Tune query parameters
Hologres sets default parameter values based on internal benchmarking. These defaults work well for most workloads — change them only if you have a specific reason.
| Parameter | Default | Notes |
|---|---|---|
hg_foreign_table_max_partition_limit | 512 (max: 1024) | Maximum partitions scanned per query. Setting this too high degrades performance. |
hg_experimental_query_batch_size | 8192 | Batch size for each read from a MaxCompute table. |
hg_foreign_table_split_size | 64 MB | Size per split when accessing a MaxCompute table. For large tables, increase this value to avoid excessive splits. Available in Hologres V1.1 and later. |
hg_foreign_table_executor_max_dop | Number of instance cores (max: 128) | Maximum concurrency for foreign table access. Keep this low to prevent foreign table queries from starving other workloads. Available in Hologres V1.1 and later. |
hg_foreign_table_executor_dml_max_dop | 32 | Maximum concurrency for DML statements on foreign tables.
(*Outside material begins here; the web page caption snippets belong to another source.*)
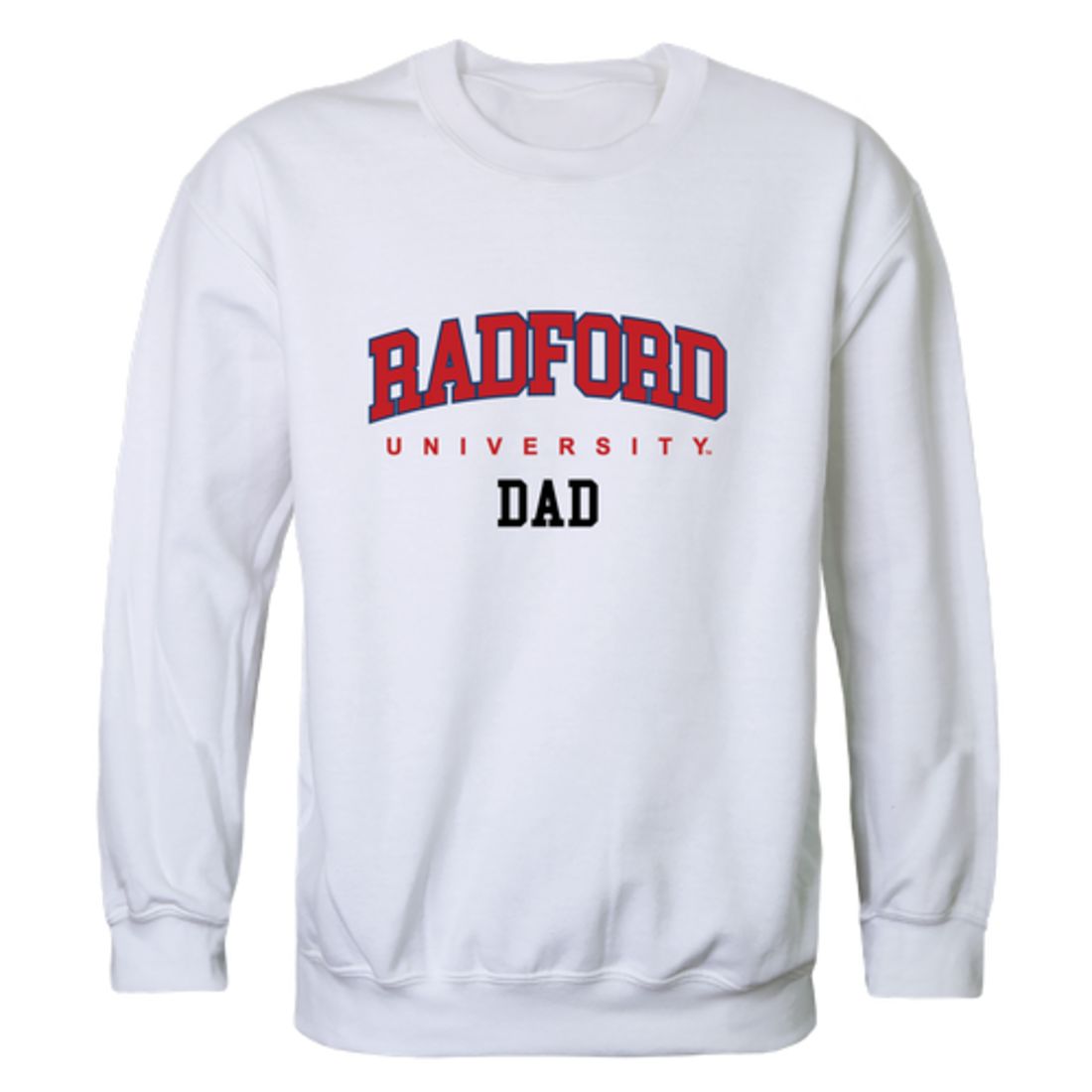 Radford University Highlanders Dad Fleece Crewneck Pullover Sweatshirt Heather Grey-Campus-Wardrobe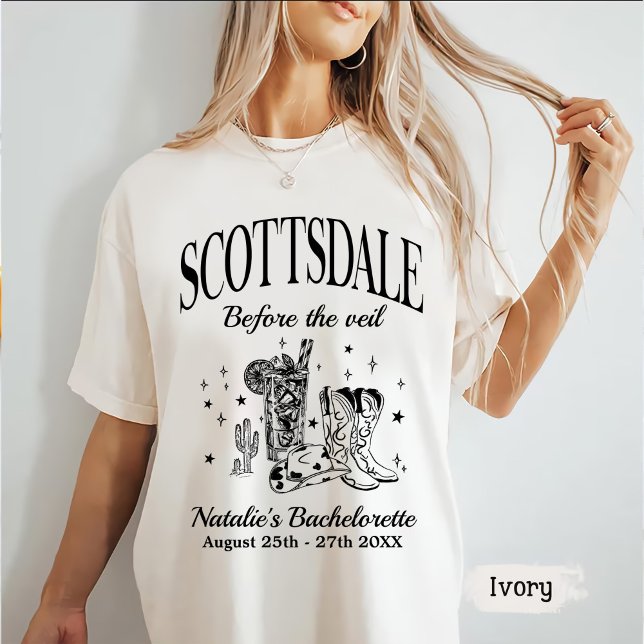 Camiseta Personalizado Scottsdale Bache Fiesta Antes Del Ve (Subido por el creador)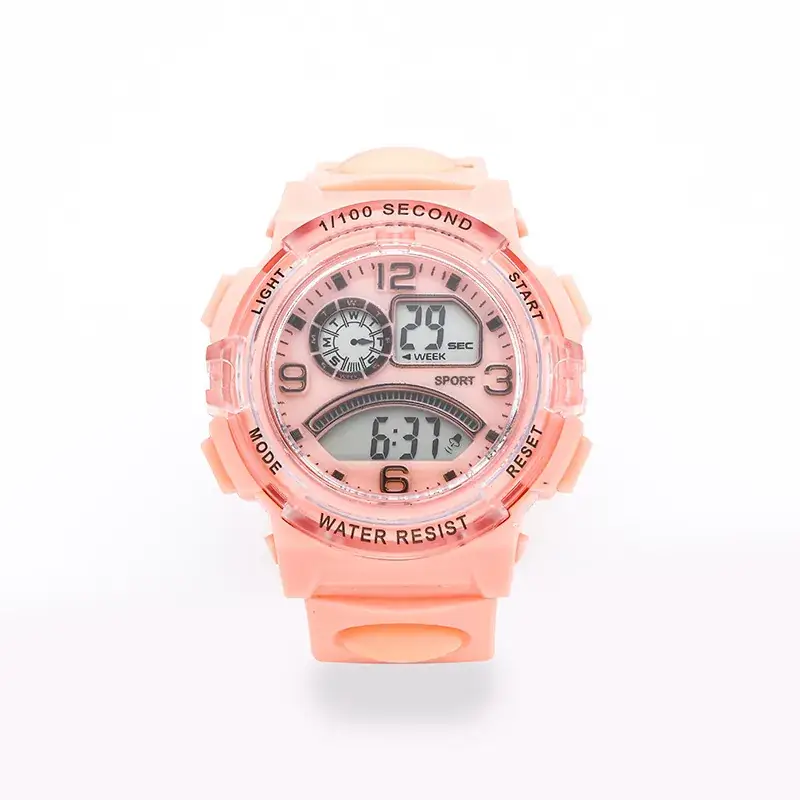 Black Digital Stopwatch Watch with Water Resistant Design - Image 5
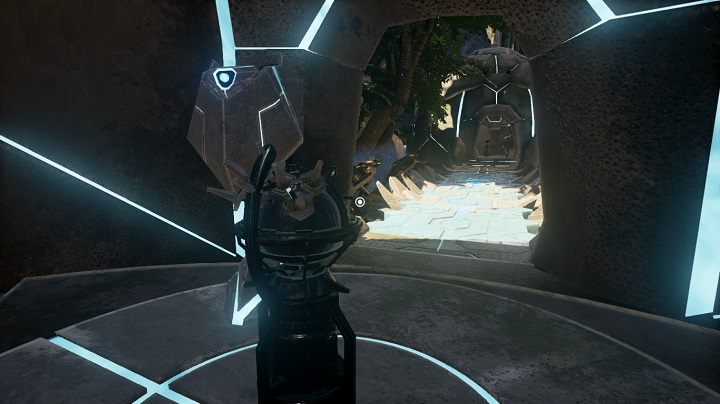 Użyj do teleportacji tego urządzenia, które stoi obok panelu Villeinów - Mosty Villeinów | Opis przejścia Obduction - Obduction - poradnik do gry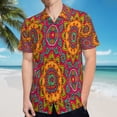 thumbnail image 5 of High Quality Hawaiian Shirts for Men Short Sleeve Aloha Beach Shirt Floral Summer Casual Button Down Shirts Blouses XFK4GH, 5 of 7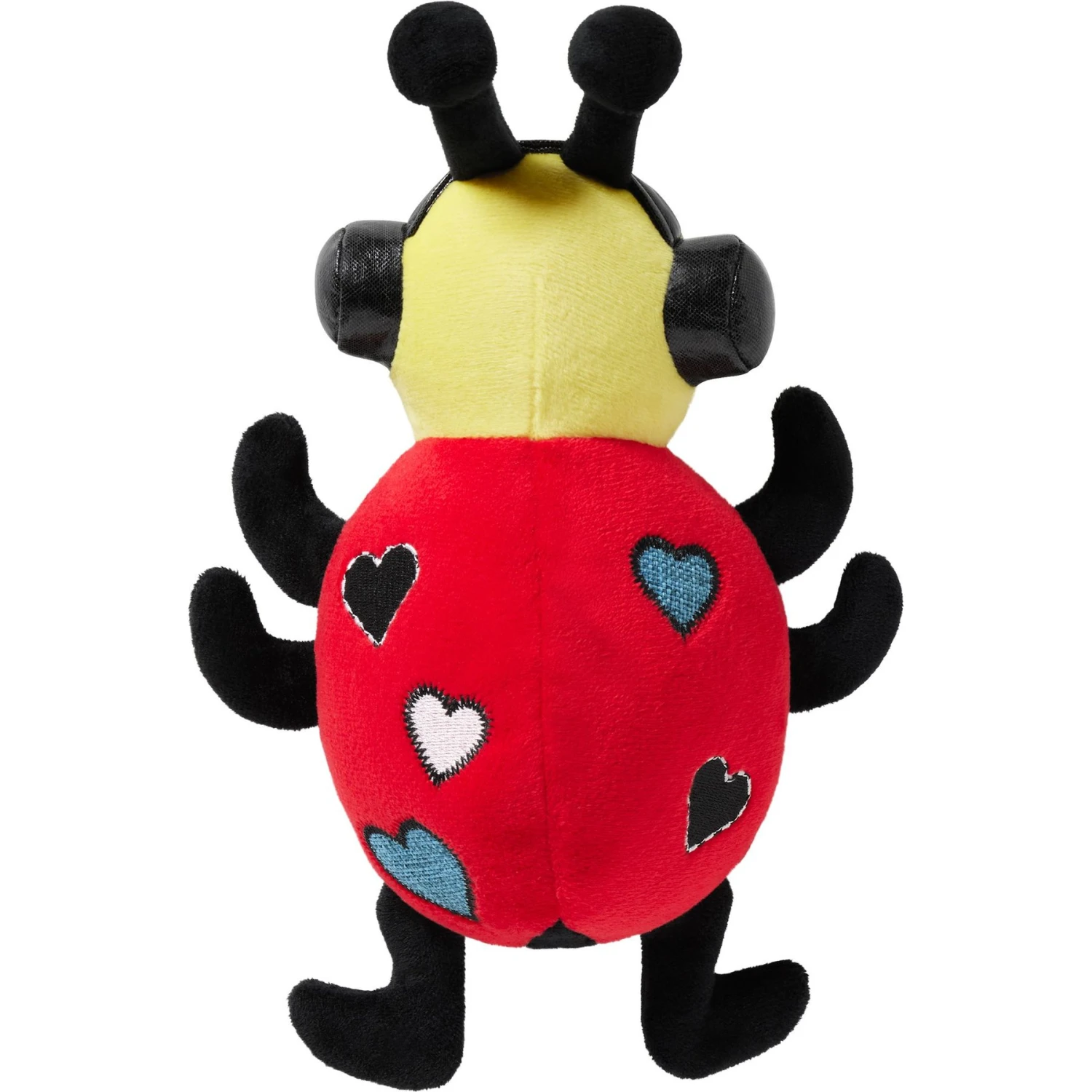 Frisco Valentine Jammin' Ladybug Plush Squeaky Dog Toy 3 Frisco Valentine Jammin' Ladybug Plush Squeaky Dog Toy - Image 3
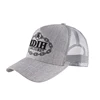 3d Embroidery Baseball Caps,Gray 5 Panel Letter Embroidery Logo Trucker Hat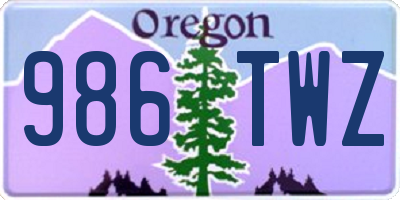 OR license plate 986TWZ
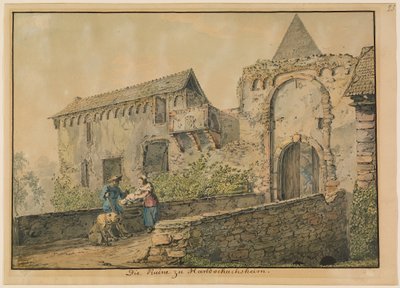 Ruine de la Tiefburg à Handschuhsheim - Carl Philipp Fohr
Limits resource consumption during data import and export. Available in Hologres V1.1 and later. |
Do not set hg_foreign_table_executor_max_dop to a very low value such as 1. Doing so can concentrate load on specific workers during concurrent read and write operations, triggering OOM errors.
Example: Adjust the maximum partition limit:
-- Default: 512. Maximum: 1024. Do not set too high.
SET hg_foreign_table_max_partition_limit = 128;Example: Adjust the split size for large tables:
-- Default: 64 MB. Increase for large tables to reduce the number of splits.
SET hg_foreign_table_split_size = 128;Example: Limit concurrency for foreign table access:
-- Default: number of instance cores. Maximum: 128.
SET hg_foreign_table_executor_max_dop = 32;